Battlegrounds is not, on the surface, a particularly elegant game. Its strengths are in scale, not detail, and it has not quite risen above the sterility shared by most games with military sims in their DNA. There are vague gestures at this being some sort of edgy TV show, a flame motif logo that looks like a bad tattoo and a cast of appallingly-dressed mute weirdos. Theme and atmosphere don't matter much here however because these things are provided by the scenario itself and, crucially, by your friends.
"For us, the release of PUBG 1.0 is not the end to anything," CH Kim, CEO of PUBG Corp, told me over the phone (through a translator) earlier this week. "It's just one of the many milestones that we looked forward to accomplishing. We've seen a lot of Early Access games stay in Early Access for a very long amount of time. That's why we made a promise early on that we would get out of Early Access and make our 1.0 release within this year."
That day has come, as PUBG is now officially out of Early Access. The new desert map, Miramar, is live on servers along with the new weapons, vehicles, and vaulting and climbing systems that a lot of players have already been experiencing on the test servers for the past couple of weeks.
If you're diving into Miramar for the first time, we've got a guide to the new desert map here. And, while PUBG has only just left Early Access today, it's natural to wonder what might be in store for it over the upcoming year.
CH Kim told me that, apart from continuing to work on better optimization and performance, one main focus would be on making improvements to PUBG as a budding esport, both for players and viewers.

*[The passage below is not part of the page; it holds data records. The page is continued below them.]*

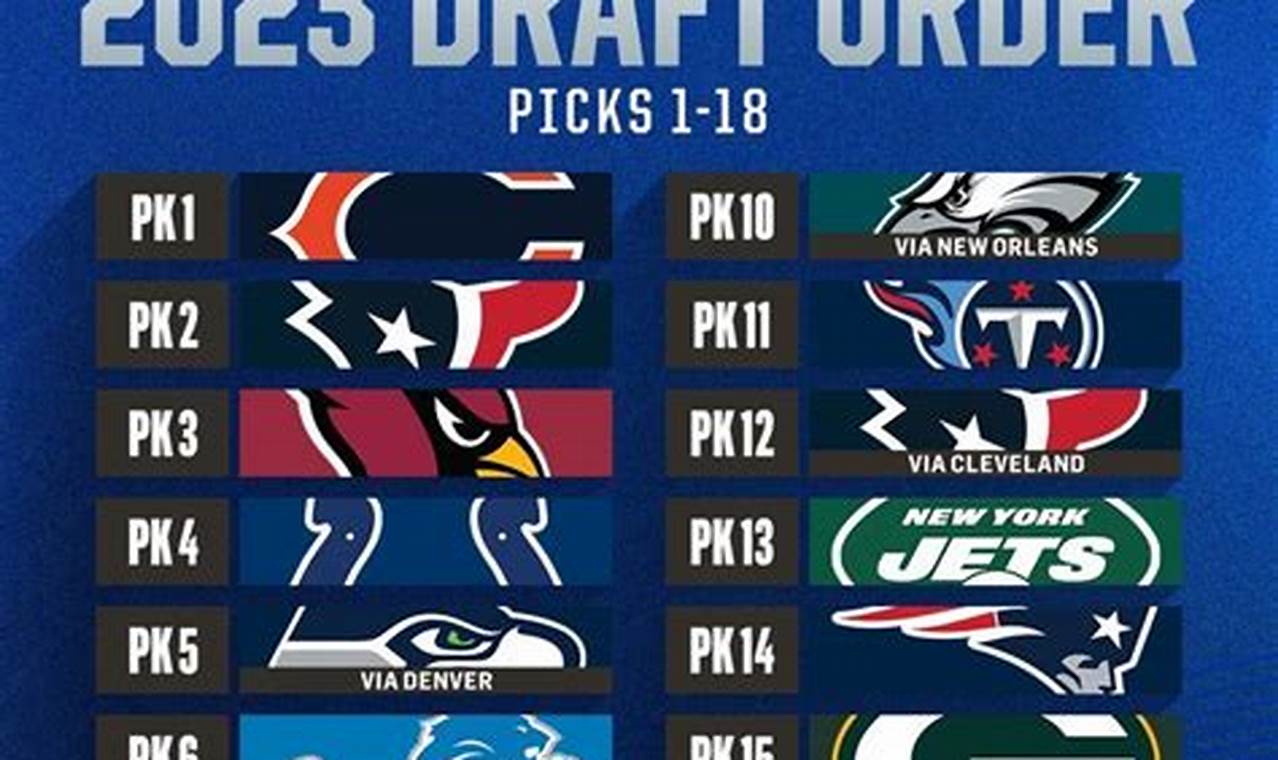 2024 Nfl Draft Dates And Times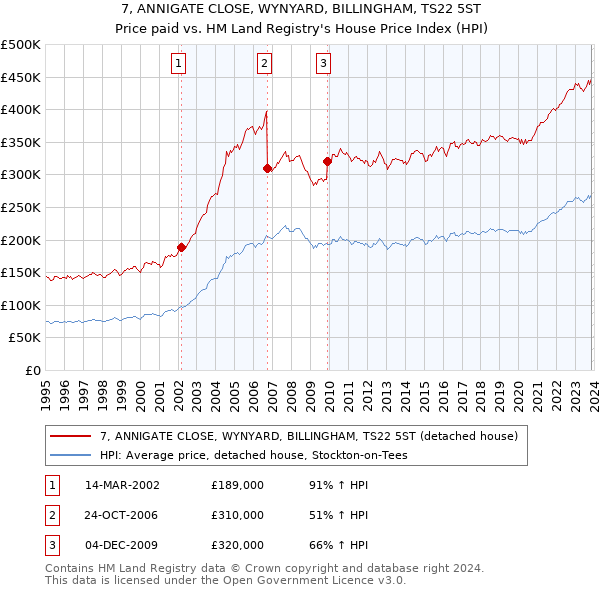 7, ANNIGATE CLOSE, WYNYARD, BILLINGHAM, TS22 5ST: Price paid vs HM Land Registry's House Price Index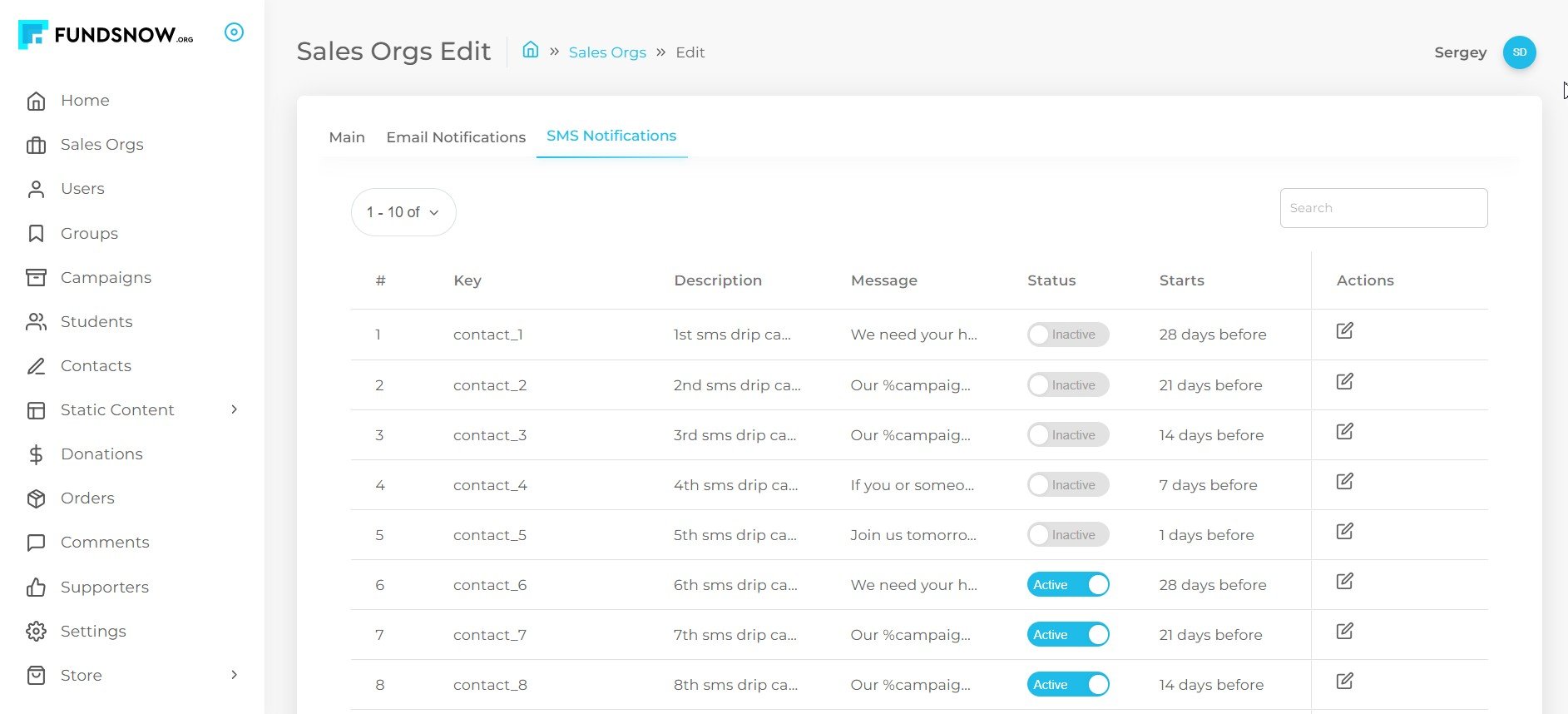 Система капельных рассылок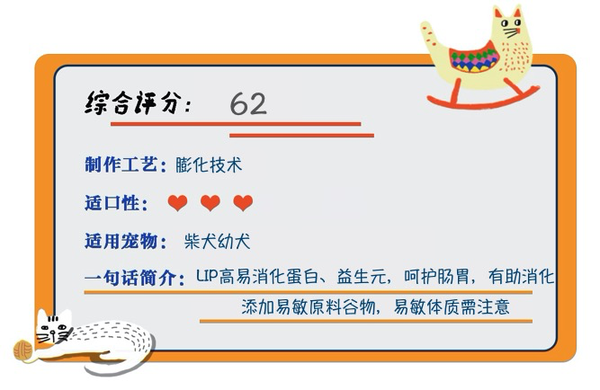 ROYAL CANIN 皇家 SIJ29柴犬幼犬狗粮包装设计【参考 图片 方案 怎么做】 (图1)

"We are in the process of discussing with a lot of different production companies around the world to see [what] we could work together on, but we'll be putting in the effort to figure out what different tools and functions we can add to make the process itself more attractive and enjoyable," Kim said.
"When it comes to the in-game rules we are doing a lot of experimenting right at this moment, we've been gathering some of the top [ranked players] in Korea and trying to test out the speed and the size of the blue zone. We tried removing the red zone for certain games, and those are some of the experiments that have taken place so far. And when it comes to the scoring system, because with battle royale you can't just have one match and be over with it, there needs to be a series of matches in order for us to get a winner, we're making tweaks and we're further fine-tuning what to do with the scoring system as well.
"While the core game mechanic itself will remain the same, we feel that throughout this experiment we could have some sort of more established tournament for PUBG next year.
"Or, like, a PUBG league next year," Kim added.
We are the first game that showed the world that this is a genre that could gain wide popularity
CH Kim, PUBG Corp CEO
I also asked Kim about the sudden rush of battle royale games and modes that have been appearing over the past few months, as well as his take on Brendan "PlayerUnknown" Greene's recent comments about needing stricter IP protection in the gaming industry.
"For us, we feel like it's very natural for the genre itself to expand," Kim said. "Brendan commented for some companies that were specifically copying some of [PUBG's] game-specific features. I think he expressed his concerns toward that, but the fact that the last man standing battle royale genre itself is expanding, its something that we feel is very natural. And for us, we feel like [ours is] the first game that showed the world that this is a genre that could gain wide popularity within the gaming industry."
If you're not one of the 25 million people who have already bought PUBG, the price of $30 on Steam hasn't changed as it leaves Early Access.